== Segment start ==
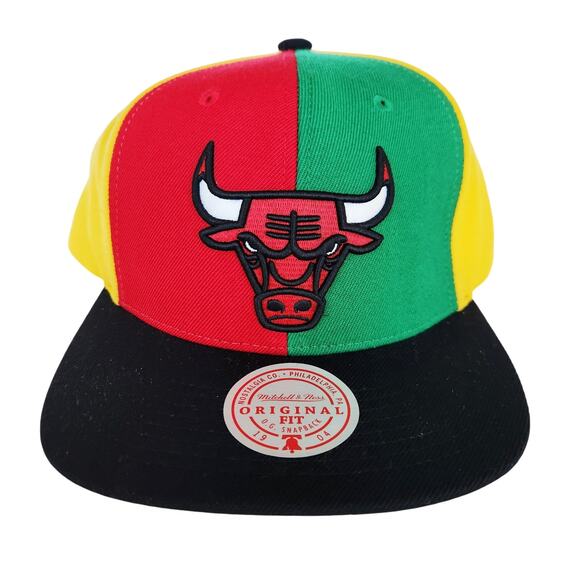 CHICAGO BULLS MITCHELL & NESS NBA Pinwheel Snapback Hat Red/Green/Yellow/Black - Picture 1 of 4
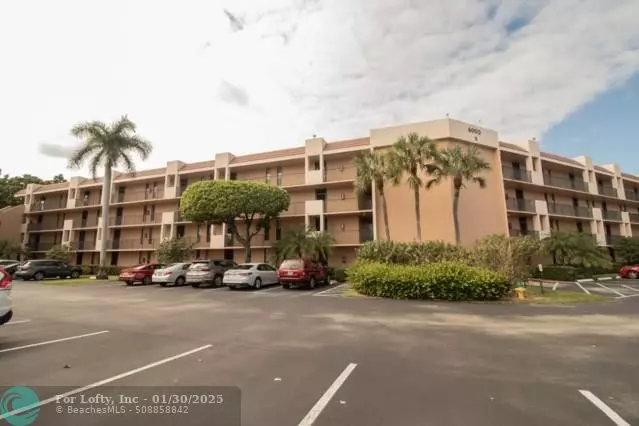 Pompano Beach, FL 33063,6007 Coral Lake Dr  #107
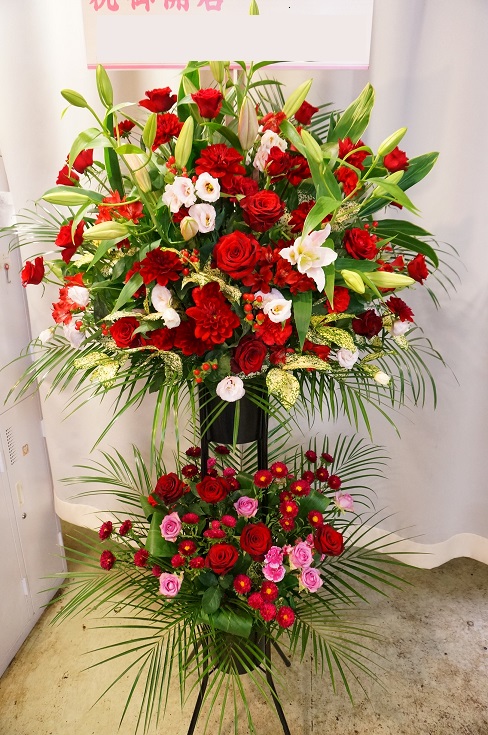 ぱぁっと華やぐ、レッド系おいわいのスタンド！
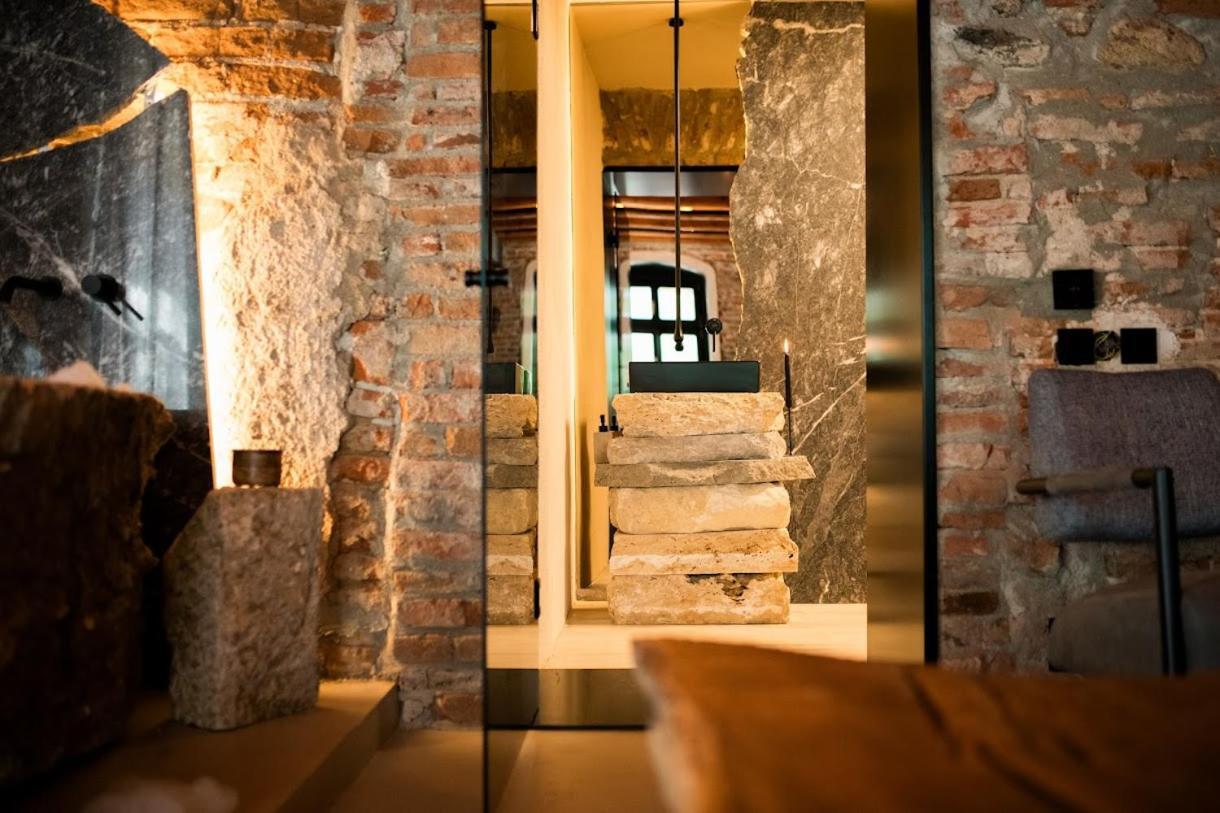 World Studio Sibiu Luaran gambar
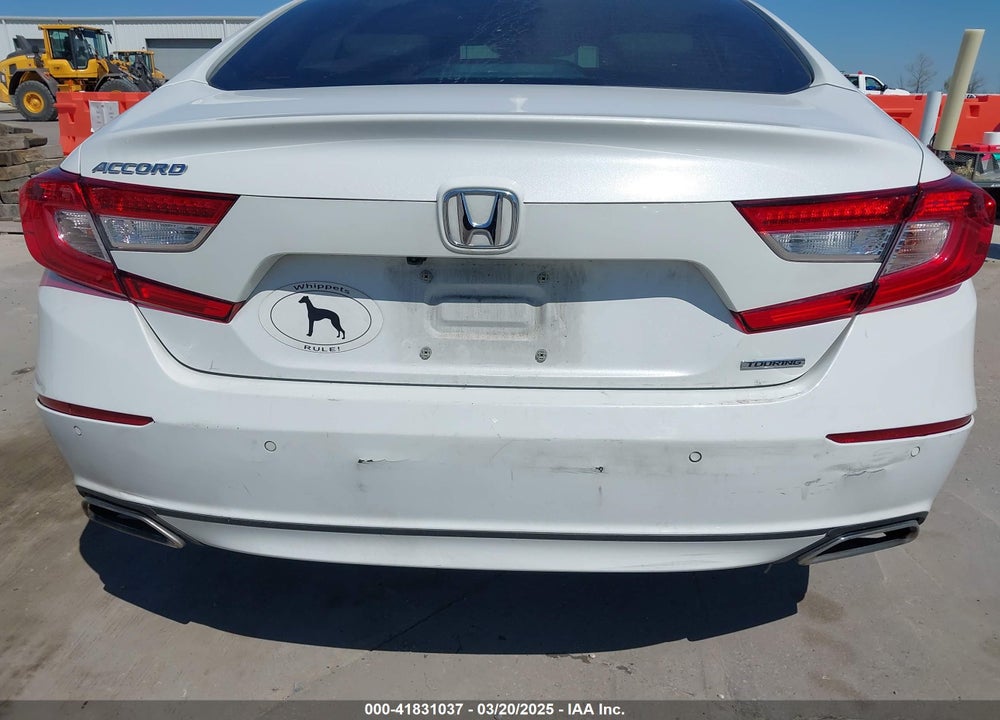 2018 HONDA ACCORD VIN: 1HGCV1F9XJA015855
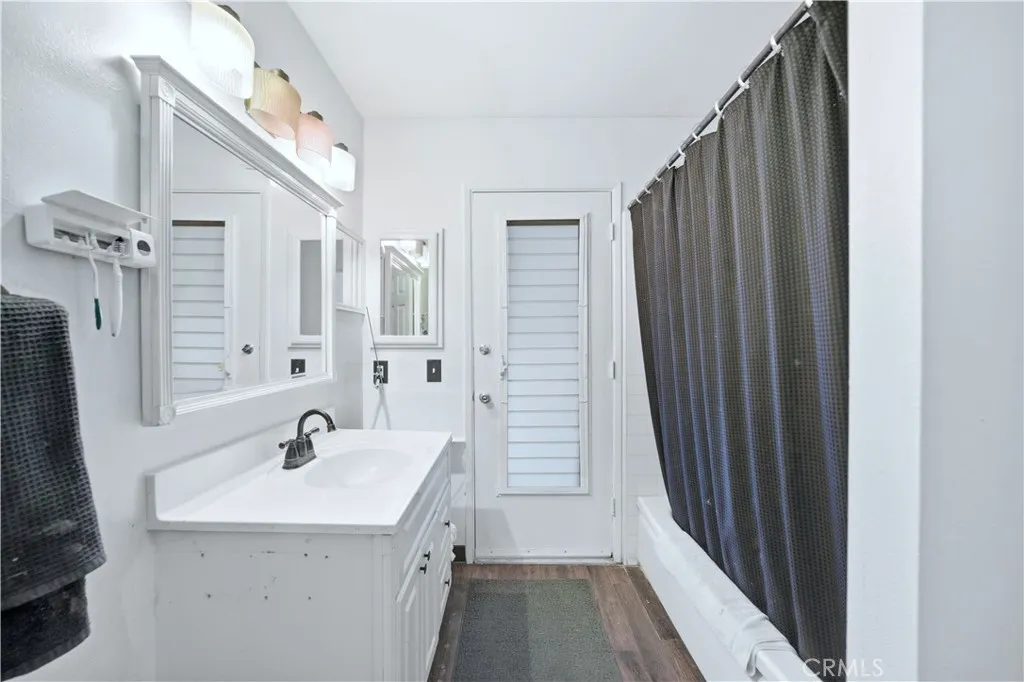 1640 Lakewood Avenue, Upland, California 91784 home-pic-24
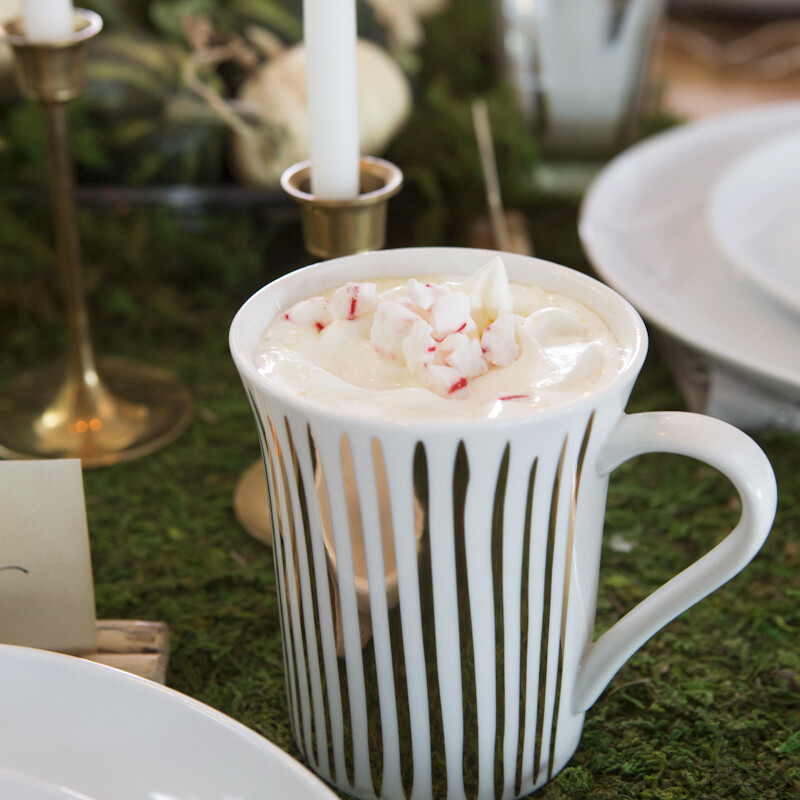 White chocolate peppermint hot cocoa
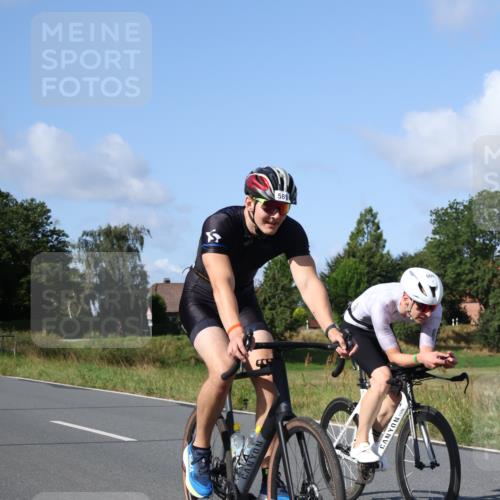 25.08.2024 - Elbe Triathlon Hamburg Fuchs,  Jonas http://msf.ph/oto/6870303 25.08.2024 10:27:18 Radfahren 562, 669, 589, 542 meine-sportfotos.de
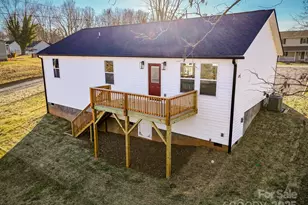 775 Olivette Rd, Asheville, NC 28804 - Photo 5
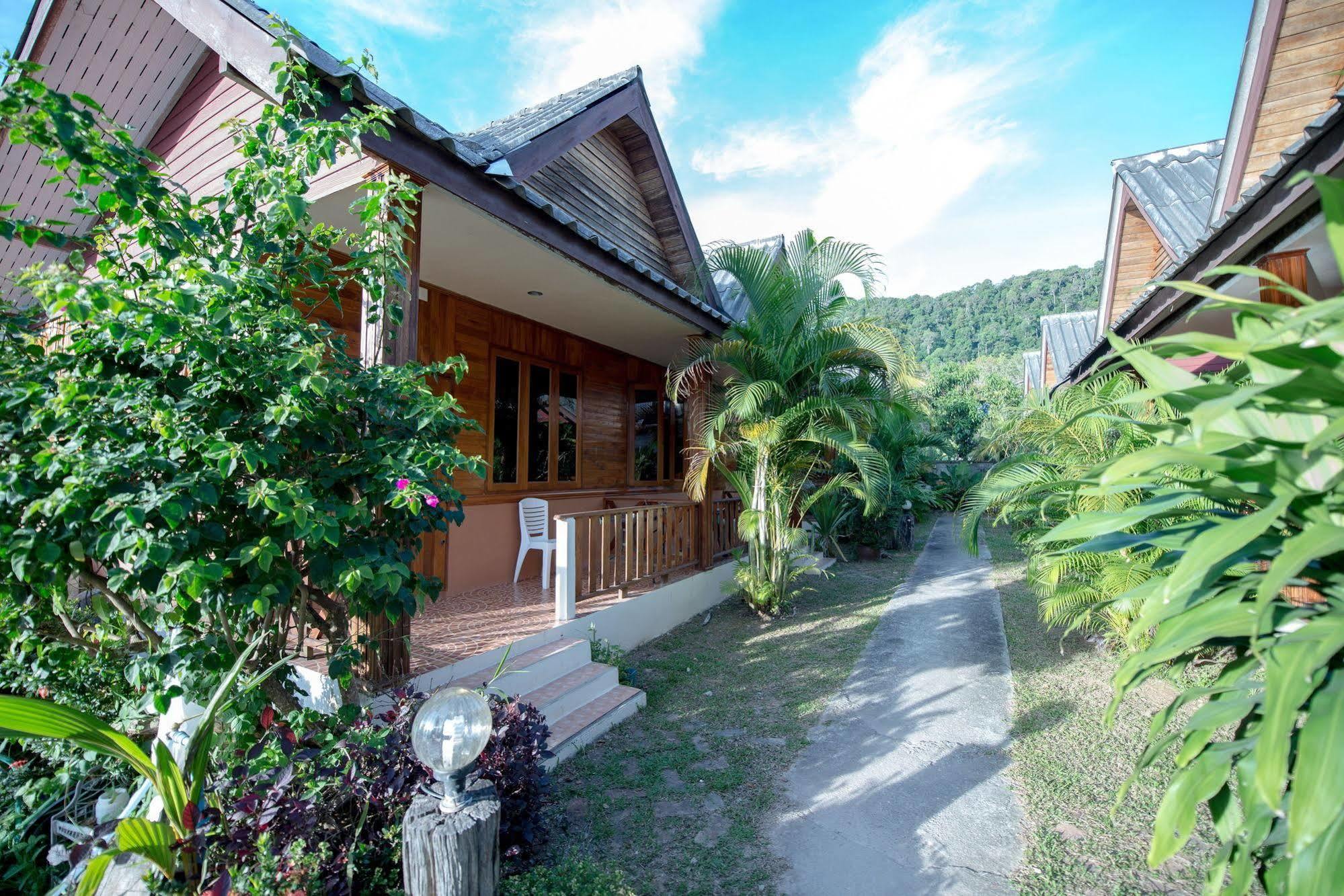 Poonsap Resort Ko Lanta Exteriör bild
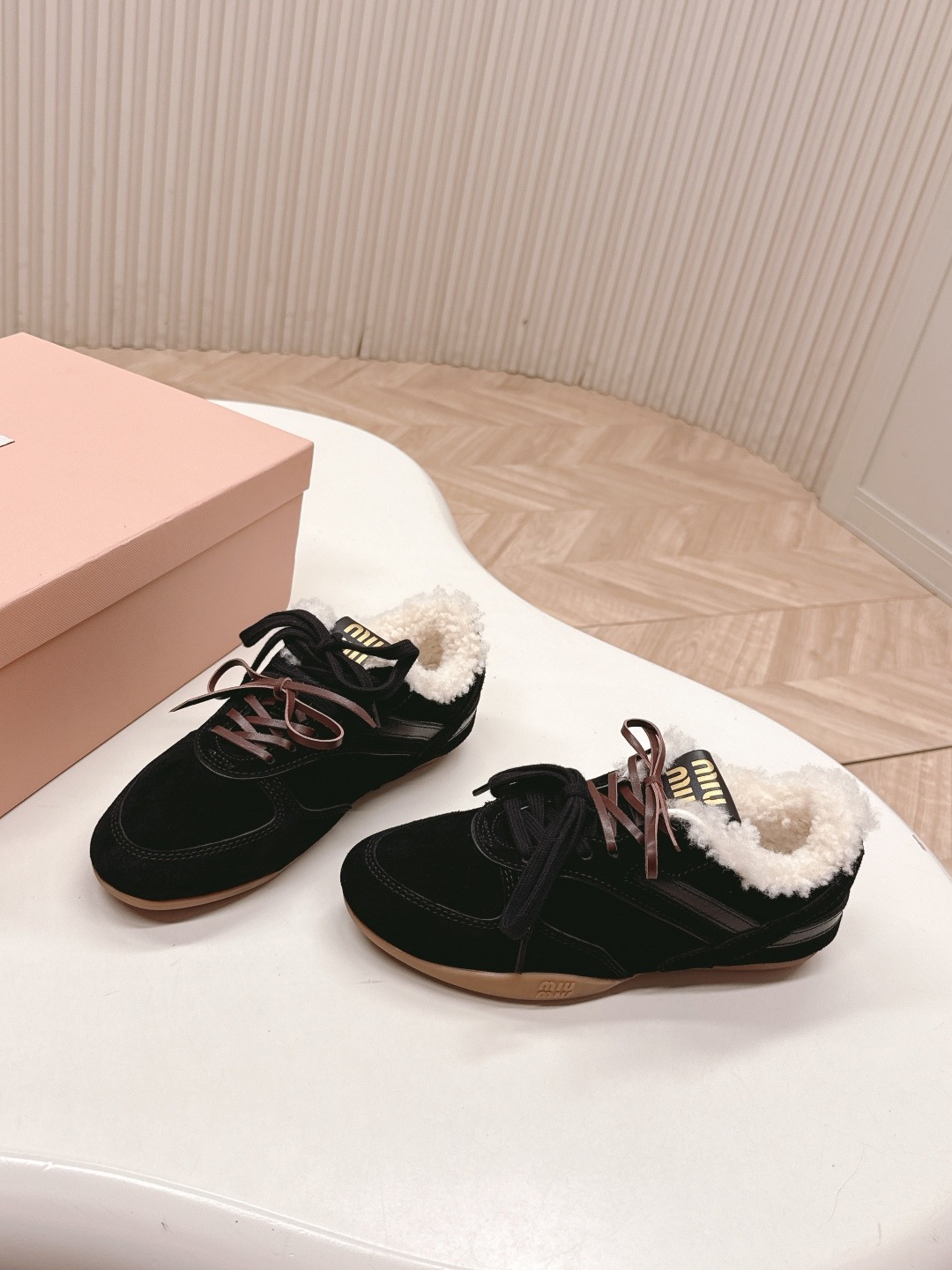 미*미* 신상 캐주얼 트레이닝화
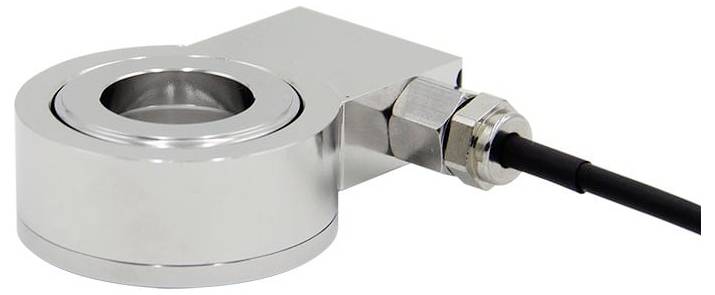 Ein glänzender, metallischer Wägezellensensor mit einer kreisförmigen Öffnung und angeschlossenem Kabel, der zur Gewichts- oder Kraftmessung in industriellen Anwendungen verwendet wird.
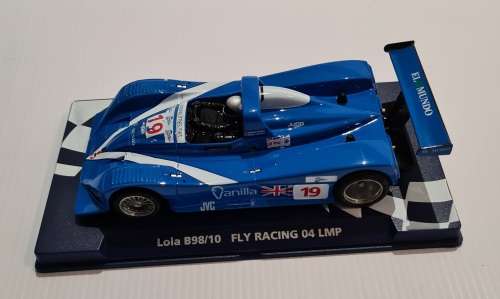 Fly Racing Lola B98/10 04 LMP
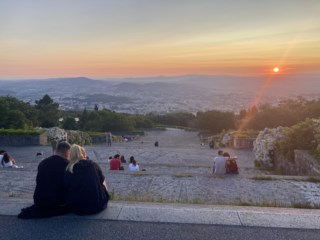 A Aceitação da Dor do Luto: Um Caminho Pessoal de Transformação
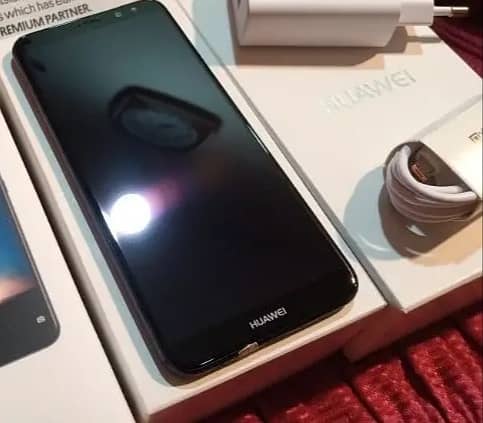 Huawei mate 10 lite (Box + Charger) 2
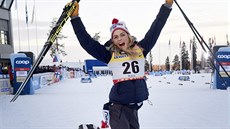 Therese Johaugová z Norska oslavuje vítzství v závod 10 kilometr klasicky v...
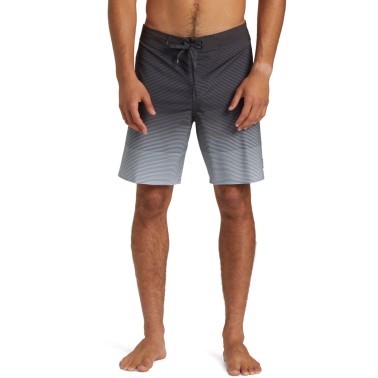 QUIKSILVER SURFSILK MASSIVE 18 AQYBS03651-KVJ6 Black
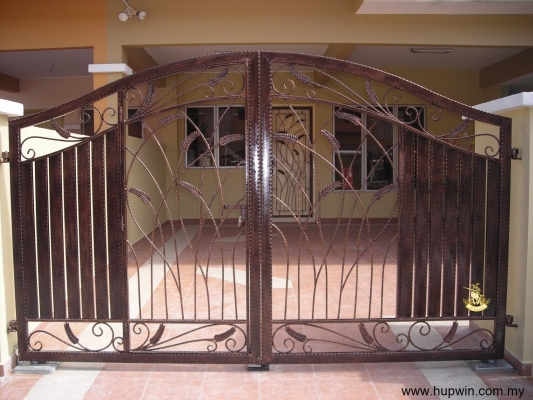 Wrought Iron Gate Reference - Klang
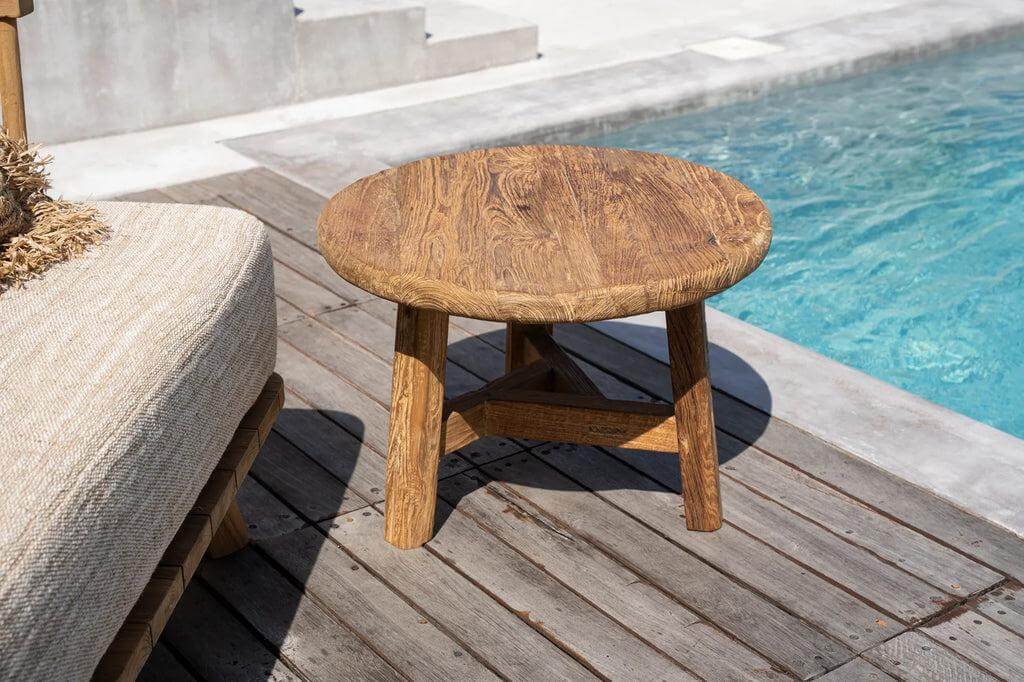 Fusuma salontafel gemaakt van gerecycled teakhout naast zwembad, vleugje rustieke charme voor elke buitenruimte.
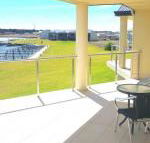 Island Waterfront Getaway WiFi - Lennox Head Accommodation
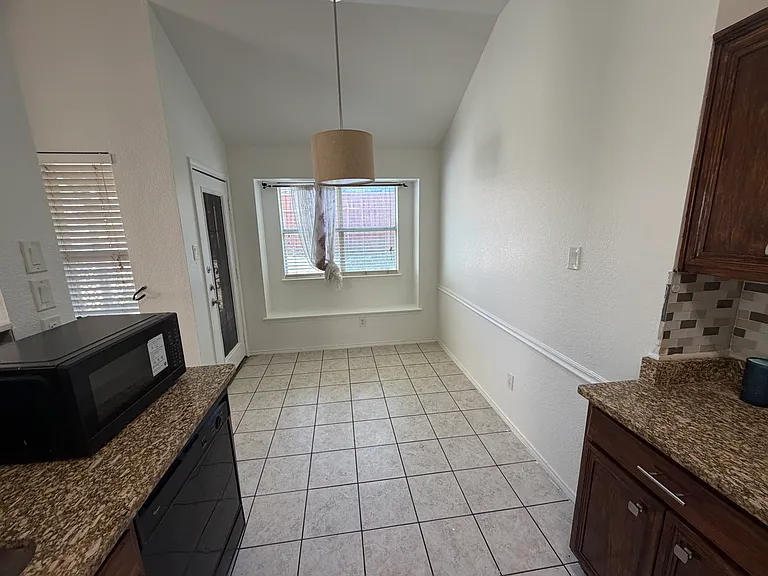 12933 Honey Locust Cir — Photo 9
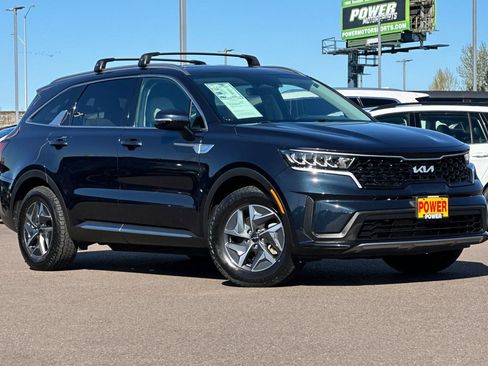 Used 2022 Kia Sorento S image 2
== Segment end ==
> [What the task asks] Apart from the pictures, the entries above are to be repeated in full and exactly.

> [Task answer]
 CHICAGO BULLS MITCHELL & NESS NBA Pinwheel Snapback Hat Red/Green/Yellow/Black - Picture 1 of 4
 Pompano Beach, FL 33063,6007 Coral Lake Dr  #107
 ぱぁっと華やぐ、レッド系おいわいのスタンド！
 World Studio Sibiu Luaran gambar
 2018 HONDA ACCORD VIN: 1HGCV1F9XJA015855
 1640 Lakewood Avenue, Upland, California 91784 home-pic-24
 White chocolate peppermint hot cocoa
 25.08.2024 - Elbe Triathlon Hamburg Fuchs,  Jonas http://msf.ph/oto/6870303 25.08.2024 10:27:18 Radfahren 562, 669, 589, 542 meine-sportfotos.de
 775 Olivette Rd, Asheville, NC 28804 - Photo 5
 Poonsap Resort Ko Lanta Exteriör bild
 미*미* 신상 캐주얼 트레이닝화
 Ein glänzender, metallischer Wägezellensensor mit einer kreisförmigen Öffnung und angeschlossenem Kabel, der zur Gewichts- oder Kraftmessung in industriellen Anwendungen verwendet wird.
 Fly Racing Lola B98/10 04 LMP
 A Aceitação da Dor do Luto: Um Caminho Pessoal de Transformação
 Huawei mate 10 lite (Box + Charger) 2
 Therese Johaugová z Norska oslavuje vítzství v závod 10 kilometr klasicky v...
 QUIKSILVER SURFSILK MASSIVE 18 AQYBS03651-KVJ6 Black
 Wrought Iron Gate Reference - Klang
 Fusuma salontafel gemaakt van gerecycled teakhout naast zwembad, vleugje rustieke charme voor elke buitenruimte.
 Island Waterfront Getaway WiFi - Lennox Head Accommodation
 12933 Honey Locust Cir — Photo 9
 Used 2022 Kia Sorento S image 2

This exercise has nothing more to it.